__DATASET__:
========================================
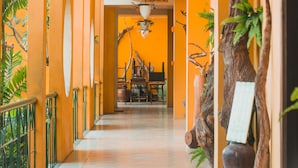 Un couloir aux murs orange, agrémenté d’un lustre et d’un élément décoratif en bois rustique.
========================================
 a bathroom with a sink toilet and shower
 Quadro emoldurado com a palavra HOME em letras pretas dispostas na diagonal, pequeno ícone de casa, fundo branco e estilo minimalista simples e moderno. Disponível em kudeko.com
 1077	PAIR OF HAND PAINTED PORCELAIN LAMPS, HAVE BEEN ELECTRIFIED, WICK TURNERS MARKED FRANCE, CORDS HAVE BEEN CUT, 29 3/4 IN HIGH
========================================
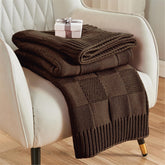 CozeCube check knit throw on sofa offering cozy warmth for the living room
========================================
What is asked for is an exact copy of the lines above from the one containing "a bathroom with a sink toilet and shower" through the one containing "3/4 IN HIGH", and only those.

__YOUR RESPONSE__:
 a bathroom with a sink toilet and shower
 Quadro emoldurado com a palavra HOME em letras pretas dispostas na diagonal, pequeno ícone de casa, fundo branco e estilo minimalista simples e moderno. Disponível em kudeko.com
 1077	PAIR OF HAND PAINTED PORCELAIN LAMPS, HAVE BEEN ELECTRIFIED, WICK TURNERS MARKED FRANCE, CORDS HAVE BEEN CUT, 29 3/4 IN HIGH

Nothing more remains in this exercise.